◆ What the task asks
Copy every record exactly, leaving the pictures out.

◆ Exercise input
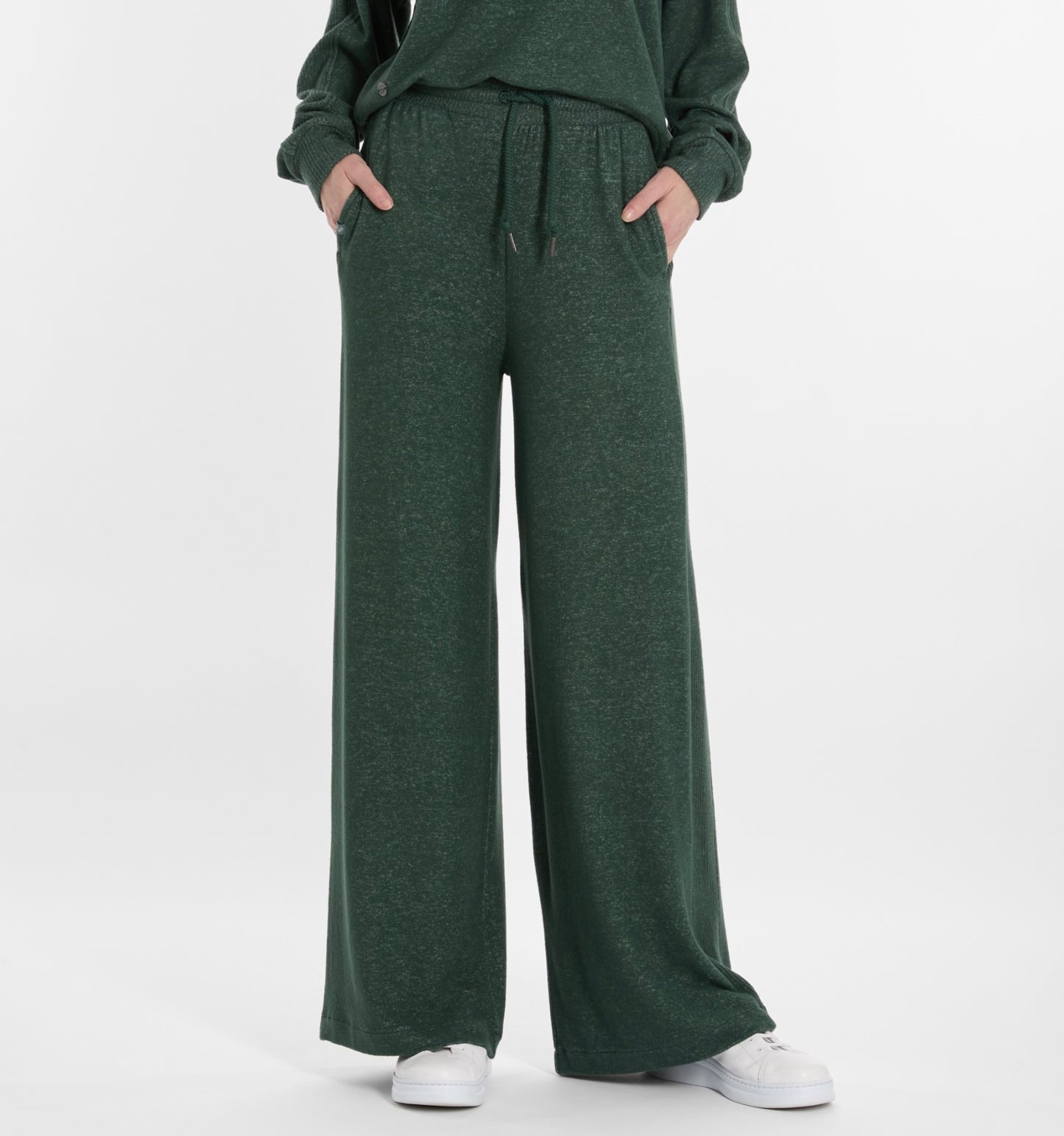 A person, shown from the waist down, wears RAGWEAR JEGGY Women’s Pants in pine green with a matching top and classic white sneakers; their hands rest casually in their pockets.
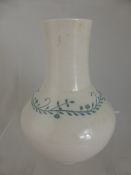 Ruskin vase, cream in colour with delicate leaf scroll decoration to the shoulder (possibly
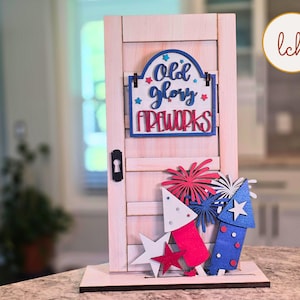 May include: Wooden patriotic door decoration with the words "Old Glory Fireworks." The door has a keyhole and is decorated with red, white, and blue fireworks and stars. The decoration is on a wooden base.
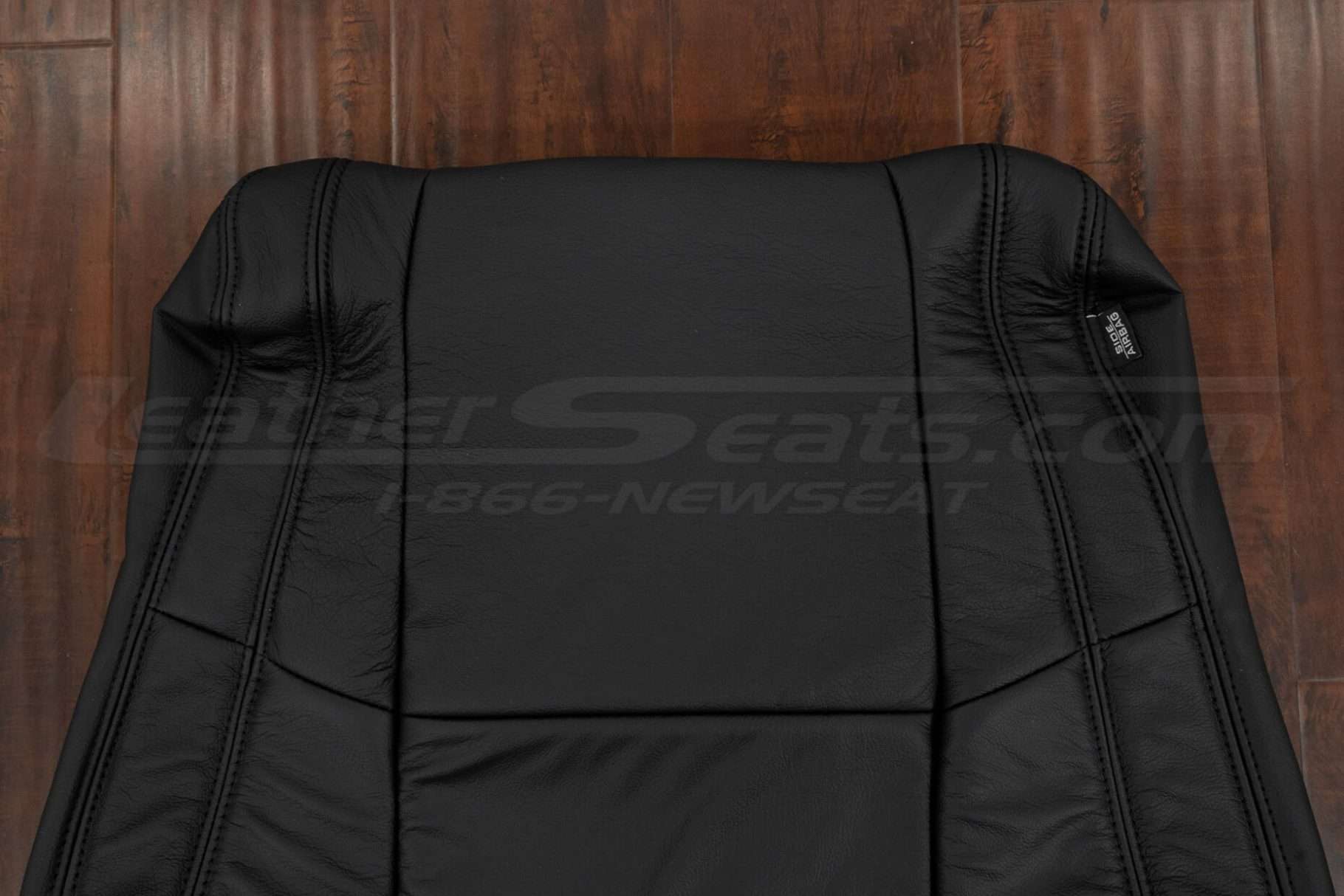Upper section of backrest upholstery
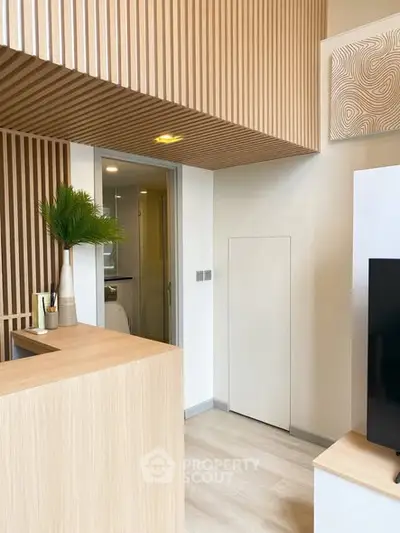 Modern interior with wooden accents and sleek design, featuring a stylish partition and contemporary decor.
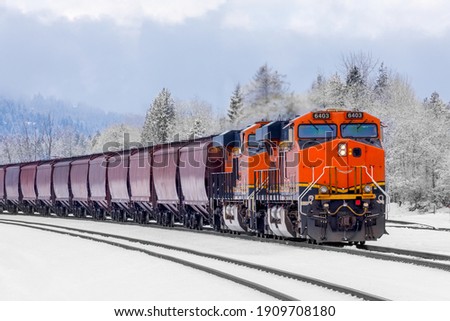 Winter scene of a locomotive pulling freight cars close to Whitefish, Montana with exhaust poring out of the engine on a cold day in January
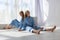 Two young twin girls in identical blue suits sitting on white cyclorama floor in studio in pattern of light and shadow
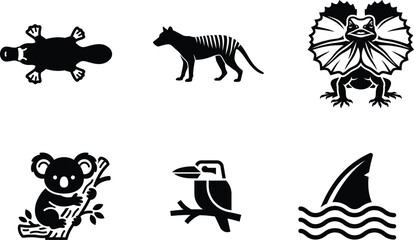 Black silhouettes of various Australian animals and a shark fin  wildlife icons © saidur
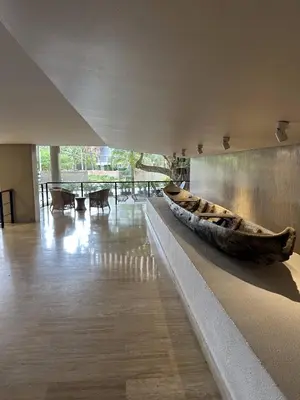 a museum with a large wooden boat on the wall at Martinique 1001 luxure escape & comfort in Cartagena de Indias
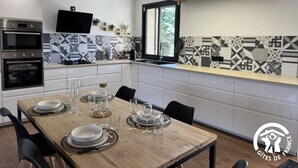 Une cuisine moderne dotée d’appareils électroménagers intégrés, une table à manger pour quatre personnes et une grande fenêtre laissant entrer la lumière naturelle.
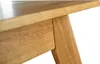 A close-up view of the wooden leg and underside of a table. Produktbild-Vorschau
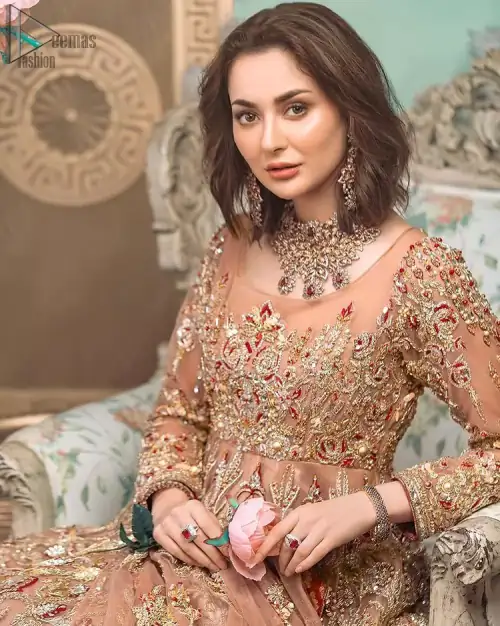 Peach Ruffled Maxi – Back Train Style Dupatta. Peach Blossoming Floral like Maxi with a frilled red border and Organza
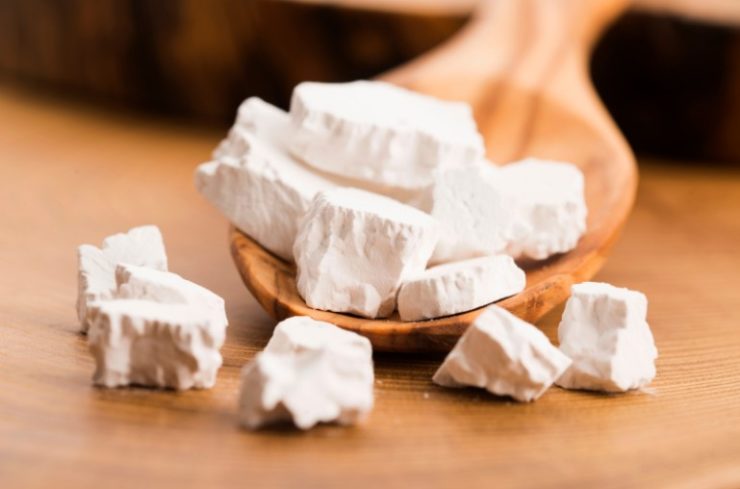 kuzu powder on a wooden spoon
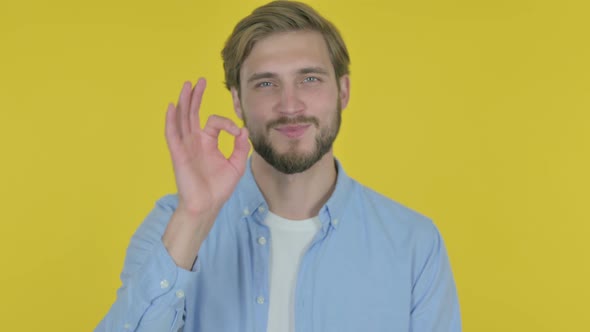 Young Man with Ok Sign on Yellow Background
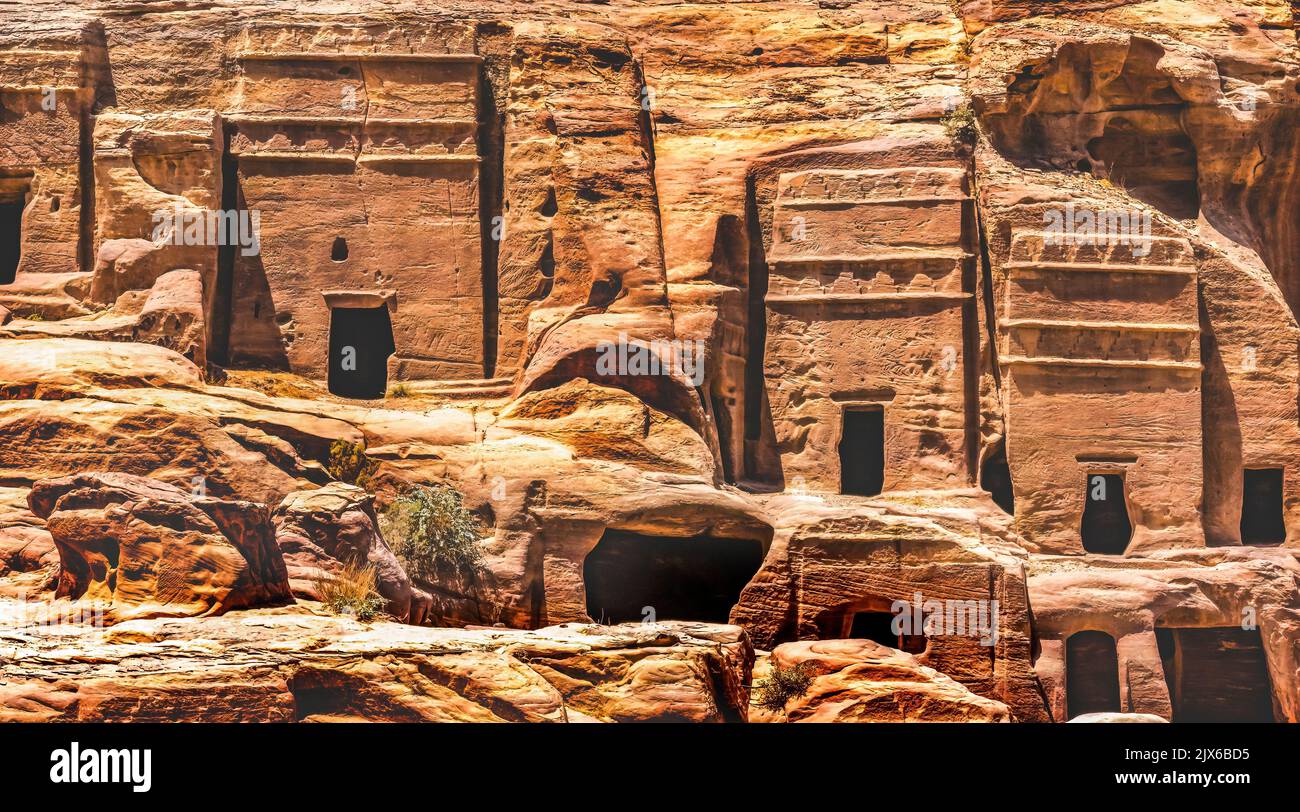 Rock Tombs Morning Street of Facades Petra Jordan Built by Nabataens in 200 BC to 400 AD Canyon walls change Rose Red afternoon when sun goes down Stock Photo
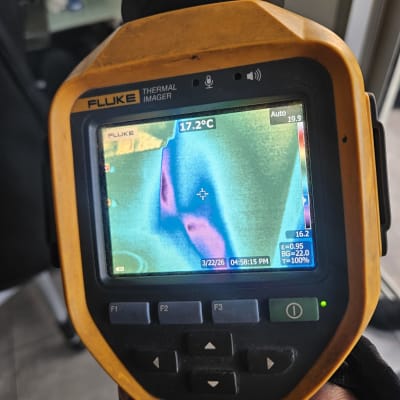 מד חום תרמי מציג תמונה צבעונית של אזור עם טמפרטורה.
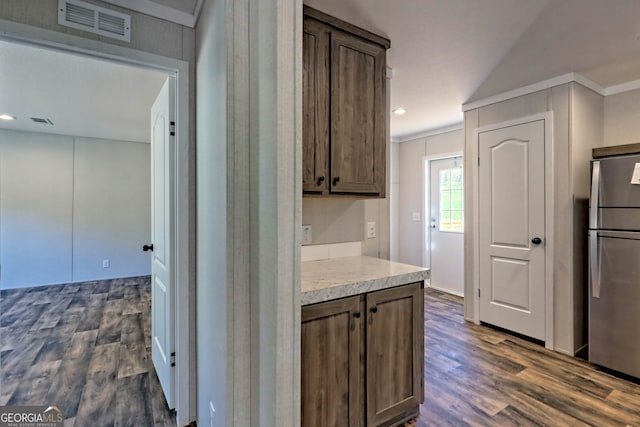 kitchen featuring dark wood-type flooring, crown molding, dark brown cabinets, and stainless steel fridge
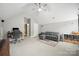 Large living room with vaulted ceilings, ceiling fan, and comfortable gray couch with decor shelves at 13032 Windy Lea Ln, Huntersville, NC 28078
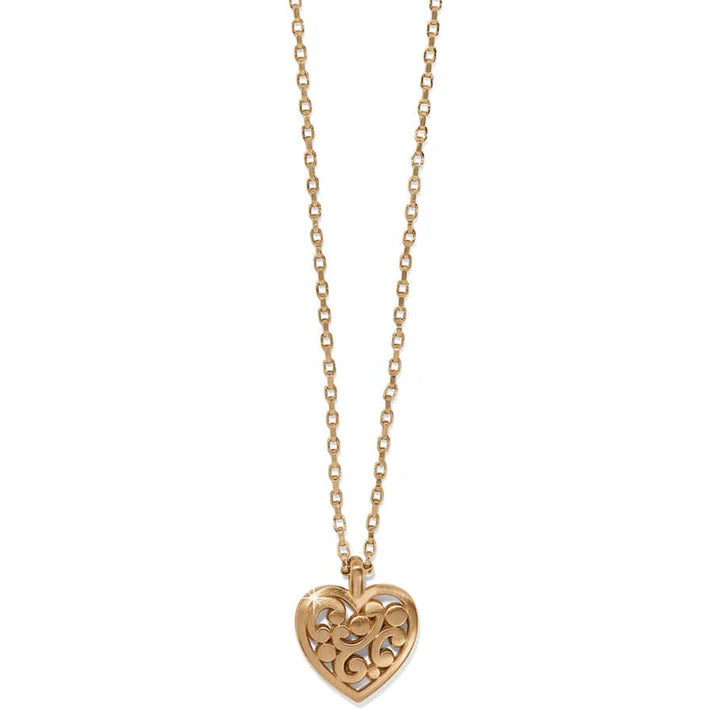 Gold chain and heart pendant necklace on a white background
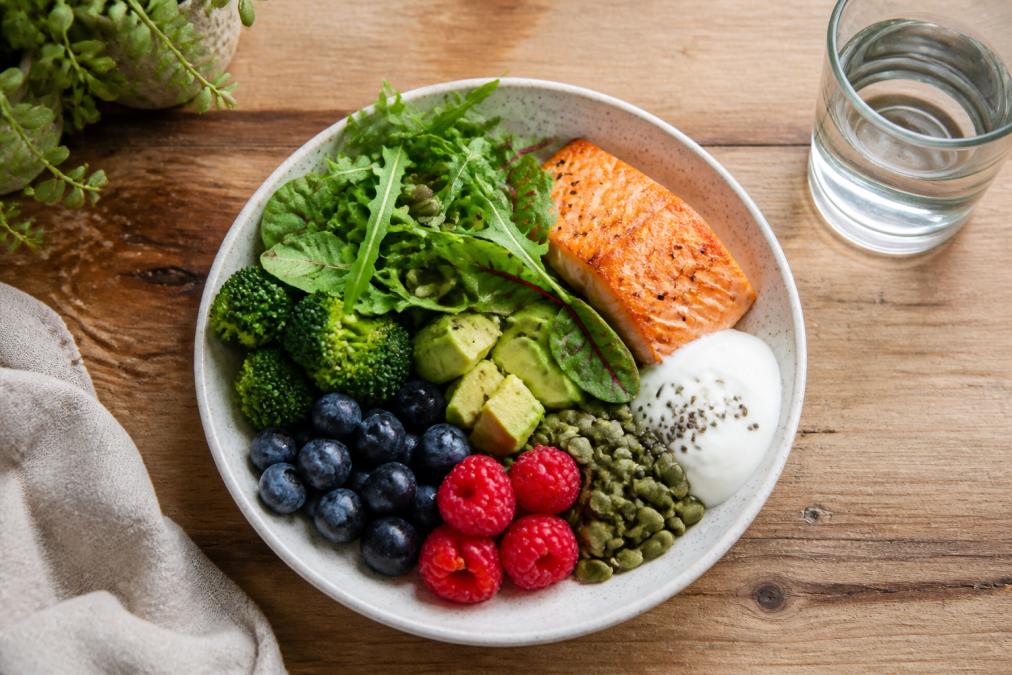 Healthy hormone-promoting whole foods on plate, avocado, berries, egg, brocolli and greens.
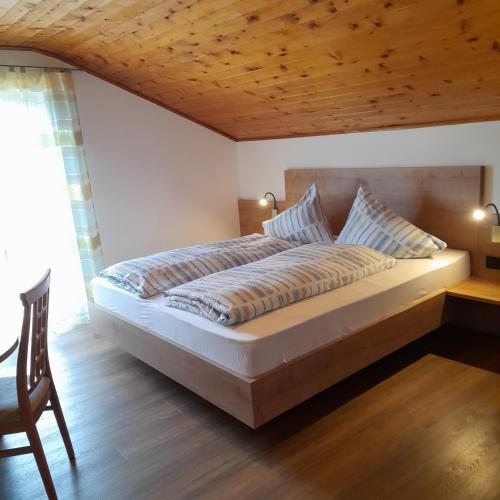 a bedroom with a large bed with a wooden ceiling at Haus Evi in Termeno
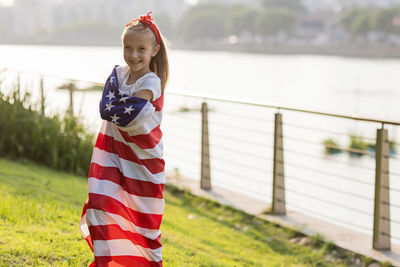 Young woman holding american flag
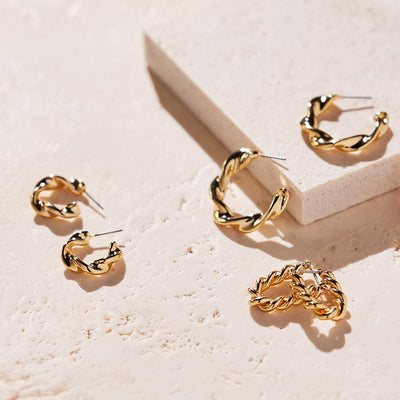 Selection of Gold Hoops pictured on a cream surface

◆ Exercise solution
 A person, shown from the waist down, wears RAGWEAR JEGGY Women’s Pants in pine green with a matching top and classic white sneakers; their hands rest casually in their pockets.
 Ruskin vase, cream in colour with delicate leaf scroll decoration to the shoulder (possibly
 May include: Wooden patriotic door decoration with the words "Old Glory Fireworks." The door has a keyhole and is decorated with red, white, and blue fireworks and stars. The decoration is on a wooden base.
Upper section of backrest upholstery
 Modern interior with wooden accents and sleek design, featuring a stylish partition and contemporary decor.
 Winter scene of a locomotive pulling freight cars close to Whitefish, Montana with exhaust poring out of the engine on a cold day in January
 Two young twin girls in identical blue suits sitting on white cyclorama floor in studio in pattern of light and shadow
 Black silhouettes of various Australian animals and a shark fin  wildlife icons © saidur
 a museum with a large wooden boat on the wall at Martinique 1001 luxure escape & comfort in Cartagena de Indias
 Une cuisine moderne dotée d’appareils électroménagers intégrés, une table à manger pour quatre personnes et une grande fenêtre laissant entrer la lumière naturelle.
 A close-up view of the wooden leg and underside of a table. Produktbild-Vorschau
 Peach Ruffled Maxi – Back Train Style Dupatta. Peach Blossoming Floral like Maxi with a frilled red border and Organza
 kuzu powder on a wooden spoon
 Young Man with Ok Sign on Yellow Background
 Rock Tombs Morning Street of Facades Petra Jordan Built by Nabataens in 200 BC to 400 AD Canyon walls change Rose Red afternoon when sun goes down Stock Photo
 מד חום תרמי מציג תמונה צבעונית של אזור עם טמפרטורה.
 kitchen featuring dark wood-type flooring, crown molding, dark brown cabinets, and stainless steel fridge
 Large living room with vaulted ceilings, ceiling fan, and comfortable gray couch with decor shelves at 13032 Windy Lea Ln, Huntersville, NC 28078
 Gold chain and heart pendant necklace on a white background
 Healthy hormone-promoting whole foods on plate, avocado, berries, egg, brocolli and greens.
 a bedroom with a large bed with a wooden ceiling at Haus Evi in Termeno
 Young woman holding american flag
 Selection of Gold Hoops pictured on a cream surface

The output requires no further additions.